Identify the "Reindex" Collection
The "reindex" Collection is only used for the full reindex process. Therefore, this Collection is technically "offline" and can be deleted/recreated without impacting the "primary" Collection the clients are using.
The first step is to identify which Collection is being referenced by the "reindex" alias. That can be accomplished by hitting the following endpoint on one of your Solr servers.
http://your-solr-server:8983/solr/admin/collections?action=CLUSTERSTATUS
Toward the bottom of the output you will see the mapping of the aliases to the collections:
"aliases": {
"catalog": "catalogCollection0",
"catalog-reindex": "catalogCollection1",
}
The "reindex" collection (catalog-reindex in this example) is using the catalogCollection1 collection. That collection is the one that we can target to be rebuilt.
Delete the "reindex" Collection & Alias
With the "reindex" Collection identified, we can delete that Collection and then recreate it. As part of the process we will delete/recreate the Alias just to make sure the Alias is referencing the newly created Collection.
http://your-solr-server:8983/solr/admin/collections?action=DELETE&name=catalogCollection1
http://your-solr-server:8983/solr/admin/collections?action=DELETEALIAS&name=catalog-reindex
Recreate the "reindex" Collection and Associated Alias
Now that the Collection and Alias has been deleted, they can now be recreated. One important configuration item needed when creating a Collection is the "collection.configName". This is the path in ZookKeeper to the Solr schema configuration. ZooKeeper is a centralized configuration service and for SolrCloud implementations the schema data would have already been uploaded to the ZooKeeper server. The configuration path can be found in the Solr admin at this endpoint:
http://your-solr-server:8983/solr/#/~cloud?view=tree
From that endpoint, the path under "/configs" is the path needed (the path to the Solr schema.xml file).
With the config path available, the Collection can be recreated with the following endpoint, The path discovered above will be referenced in "collection.configName" parameter:
http://your-solr-server:8983/solr/admin/collections?action=CREATE&name=catalogCollection1&collection.configName=path-to/conf&numShards=1&replicationFactor=3'
Note the following parameters:
- action - we calling the CREATE action
- name - the new Collection name (we are recreating the collection just delete)
- collection.configName - the config path discovered above
- numShards - should be 1
- replicationFactor - the number of nodes in your cluster
The last task in this step is to recreate the Alias.
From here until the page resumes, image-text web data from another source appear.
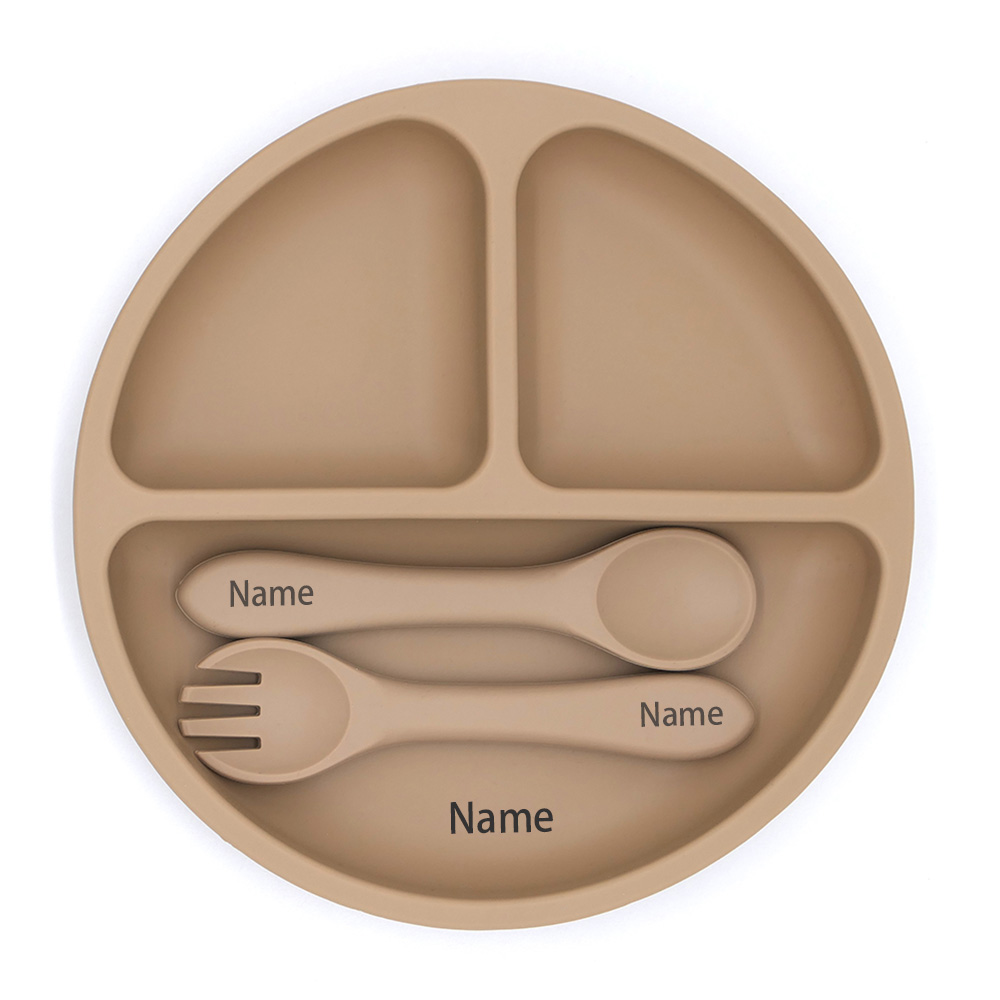 ชุดอาหารเด็กซิลิโคนพิมพ์ลายชื่ - Baby Food Utensil บทวิจารณ์และราคา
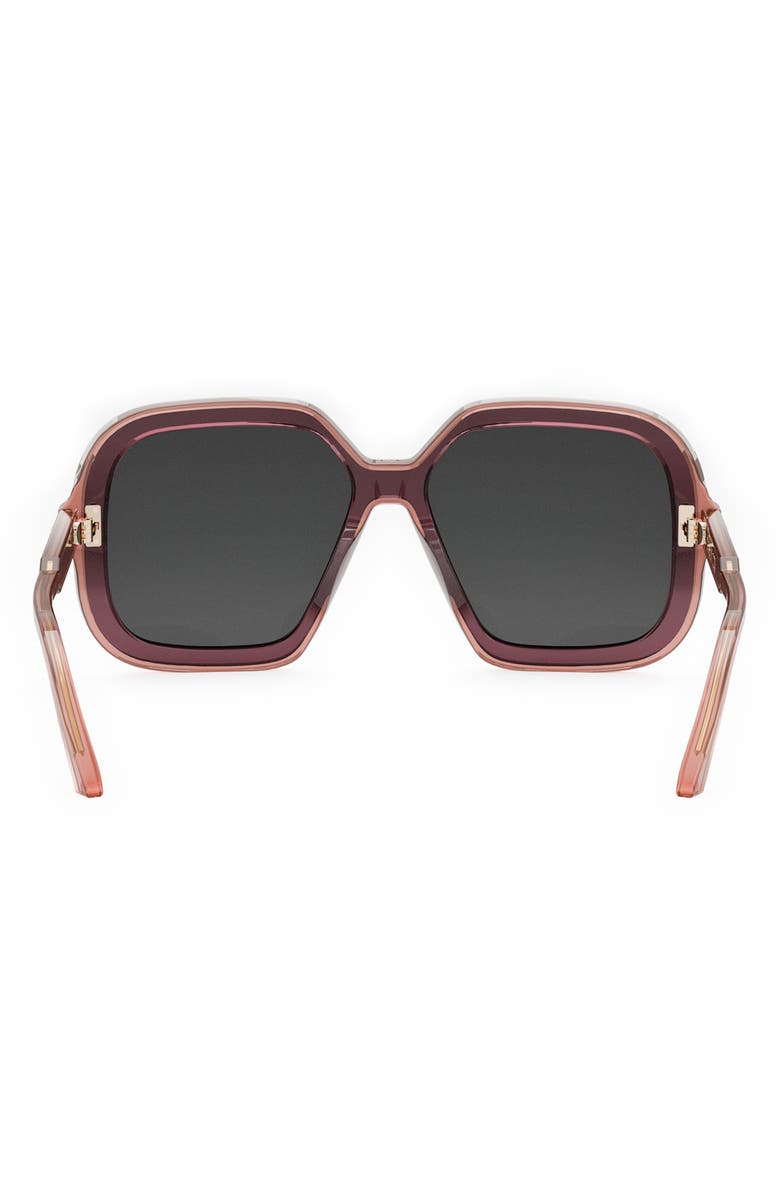 DIOR Highlight 57mm Square Sunglasses, Alternate, color, Bordeaux/ Orange/ Smoke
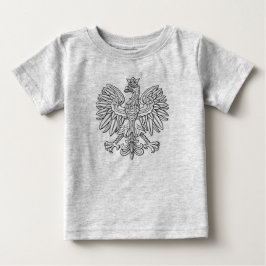 Camiseta De Bebé Sudadera para niños pequeños con símbolo polaco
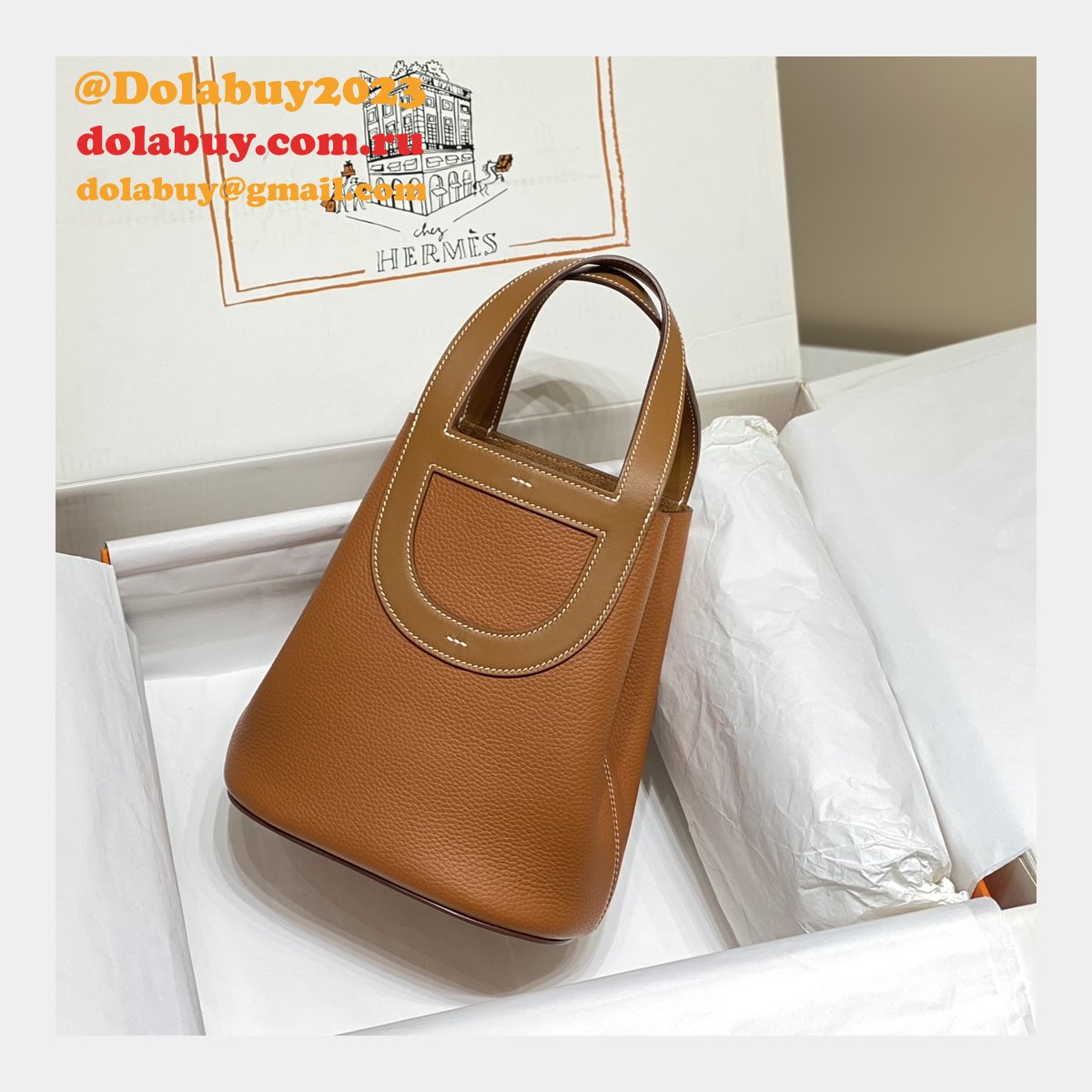 1:1 Mirror hermes IN THE LOOP PICOTIN 18 bag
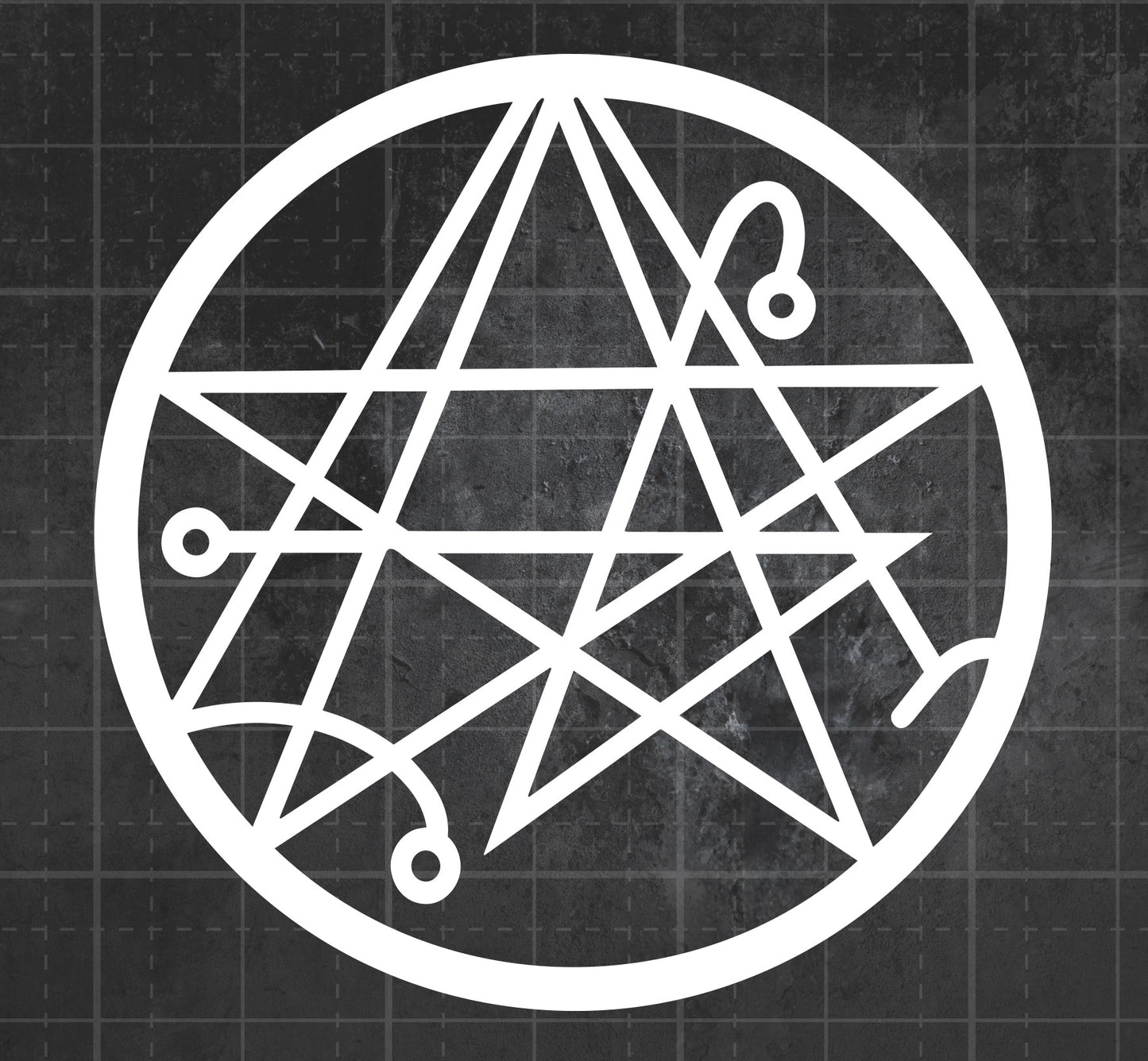 Necronomicon Sigil -  Premium Vinyl Decal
The following call can be made to accomplish that - again, make sure to reference the correct collection (catalogCollection1 in our example):
http://your-solr-server:8983/solr/admin/collections?action=CREATEALIAS&name=catalog-reindex&collections=catalogCollection1
Reindex
Now that you have a newly created empty Collection, a full reindex can now be performed. This can be done in the Admin (Setting / Solr Indexer).